Below are records to repeat exactly. Omit the pictures from the copy.

Short text fragments from websites:
:::

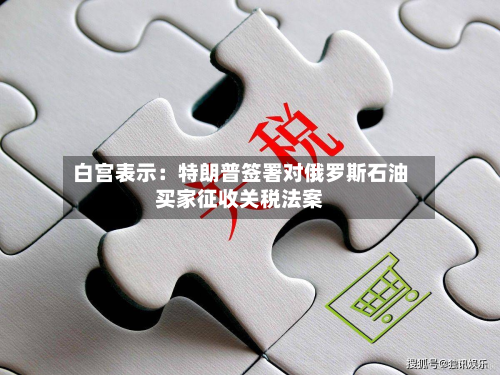白宫表示：特朗普签署对俄罗斯石油买家征收关税法案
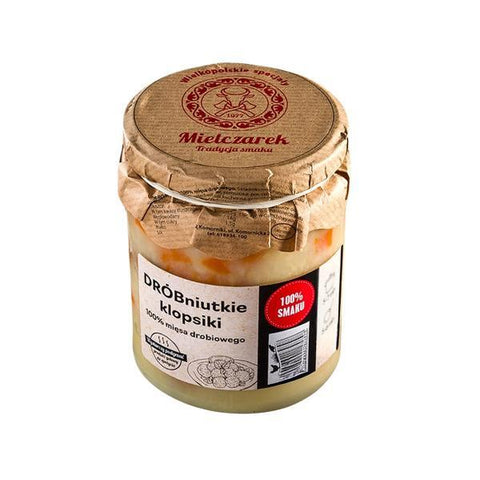 Geflügel - Fleischbällchen - Pulpeciki drobiowe 490g - Mielczarek - Polskashop24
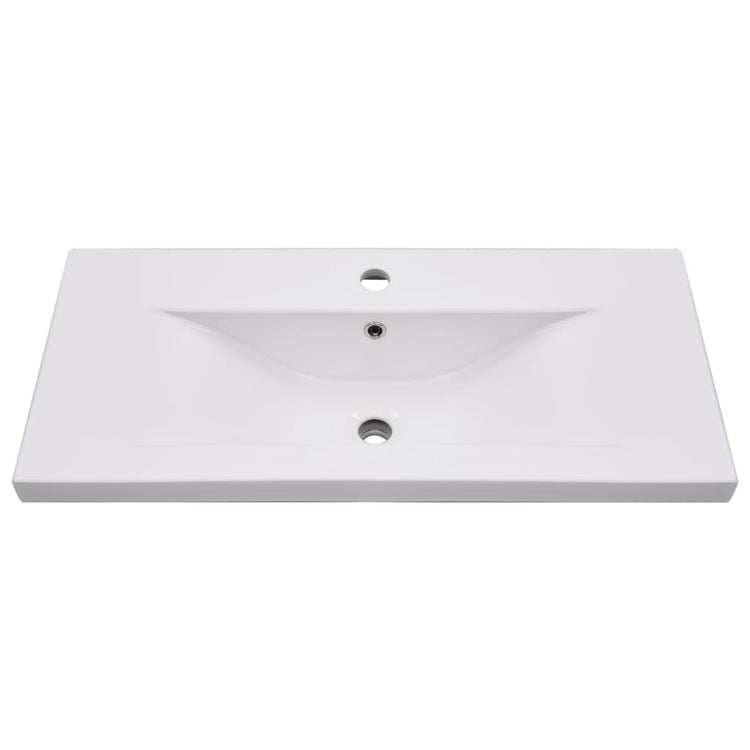 Vidaxl Built -en Wash Tableau 81x39.5x18,5 cm Céramique blanc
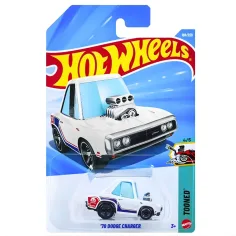 Hot Wheels: biały mały samochód '70 Dodge Charger 1/64 - Mattel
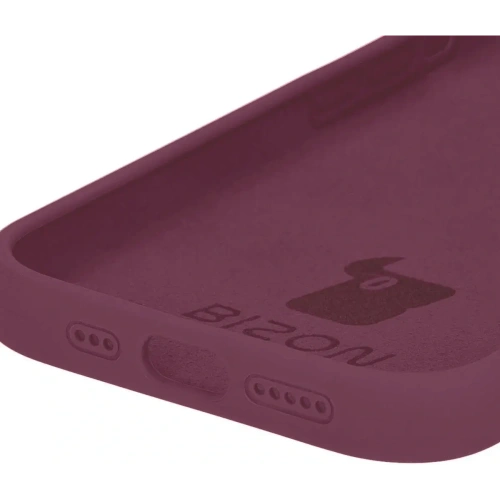 Etui silikonowe do Apple iPhone 15 Pro Bizon Soft Case ciemnofioletowe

:::

TASK SOLUTION
白宫表示：特朗普签署对俄罗斯石油买家征收关税法案
 Geflügel - Fleischbällchen - Pulpeciki drobiowe 490g - Mielczarek - Polskashop24
 Vidaxl Built -en Wash Tableau 81x39.5x18,5 cm Céramique blanc
 Hot Wheels: biały mały samochód '70 Dodge Charger 1/64 - Mattel
 Etui silikonowe do Apple iPhone 15 Pro Bizon Soft Case ciemnofioletowe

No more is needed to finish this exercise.